Discussing the first quarter, Saks Fifth Avenue had “strong performance across all channels with total sales up significantly over 2019, as customers began to update their wardrobes in anticipation for the world to reopen,” Metrick said.

Specific to the e-commerce business, Saks’ gross merchandising value exceeded expectations, up double digits versus 2019, with signs of an ongoing upward trajectory, Metrick said. “Since March, site traffic is up 79 percent, leading to an unprecedented number of orders, and new customer counts are up 84 percent to 2019.”

He said the Saks stores surpassed projections, with total sales higher than those in 2019, though no figures were disclosed.
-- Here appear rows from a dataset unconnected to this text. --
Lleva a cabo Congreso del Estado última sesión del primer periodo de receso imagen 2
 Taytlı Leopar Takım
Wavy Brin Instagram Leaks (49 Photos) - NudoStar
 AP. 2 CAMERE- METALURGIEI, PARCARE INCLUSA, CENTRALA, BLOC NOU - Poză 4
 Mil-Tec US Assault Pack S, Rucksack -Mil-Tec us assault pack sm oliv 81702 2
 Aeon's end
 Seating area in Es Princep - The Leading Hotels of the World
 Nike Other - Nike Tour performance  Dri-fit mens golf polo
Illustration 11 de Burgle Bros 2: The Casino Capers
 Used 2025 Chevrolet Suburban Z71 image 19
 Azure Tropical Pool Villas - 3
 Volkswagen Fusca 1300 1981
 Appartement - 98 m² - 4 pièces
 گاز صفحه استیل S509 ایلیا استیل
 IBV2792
Key markets, including Atlanta, Houston and Chicago, were up double digits compared to 2019, Metrick said.

“We’ve started to see improvement in sales and traffic at the New York flagship and expect that as New York City fully reopens, business should ramp up through the remainder of the year.”

Men’s, women’s handbags and shoes were cited as top-performing categories both online and in stores. “Additionally, women’s apparel is trending toward a turnaround of the category as our core customer plans for a return to the office, events and travel,” Metrick said.

To strengthen the dot-com’s capital structure, two financial steps — a syndicated $350 million asset-based, five-year revolving credit facility and a $115 million senior secured term loan — were completed. “This financing, combined with our cash on hand, ensures we have substantial liquidity and flexibility to drive growth,” Metrick said in the letter. “Additionally, the stores business is well capitalized with substantially more liquidity than one year ago, primarily driven by its continued strong business.”